In machine learning dimensionality simply refers to the number of features(I.e. input variables in the datasets). when the number of features is very large relative to the number of observations in the dataset certain algorithms struggle to train efficient models.
Let me put it this way imagine that you have a straight line of hundred meters long and you dropped a coin as Euro somewhere on it wouldn’t be too hard to find. You take some steps along the line and it takes you a couple of minutes. Now let’s say you have a square of one hundred meters and you dropped a Euro somewhere on it. It would be very hard like searching across one football field. It could take you a couple of days. Now imagine we have a cube of hundred meters across. That’s like a 30-storey building the size of a football stadium.
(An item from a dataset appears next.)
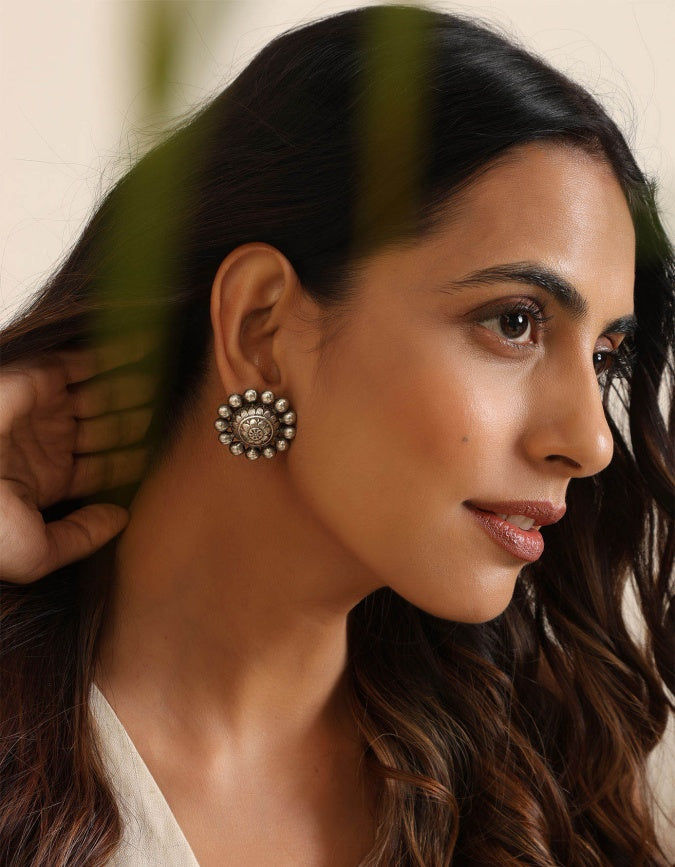 Round Oxidized Stud Earrings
The difficulty of searching through space gets a bit harder as you have more dimensions.
Check this beautiful image of cats and dogs from this website.
How do you combat the curse of dimensionality?
- Change the algorithm.
- Reduce the dimensionality of the data.
And in order to diminish the dimensionality a first solution is to apply Principal Component Analysis (PCA), and if not working, then other solutions would be:
- Feature selection algorithms.
- Non-linear dimensionality reduction.
- Feature hashing.
- Clustering using K-Means.
Why you apply dimensionality reduction?
- Increase in efficiency.
- It helps in data compression and reduced storage space.
- It reduces computation costs.
- It also helps remove redundant features.
- It fastens the time required for performing the same computations.
- It improves the classification performance.
- Ease of interpretation and modeling.
Why shouldn’t use apply dimensionality reduction?
- Basically, it may lead to some amount of data loss.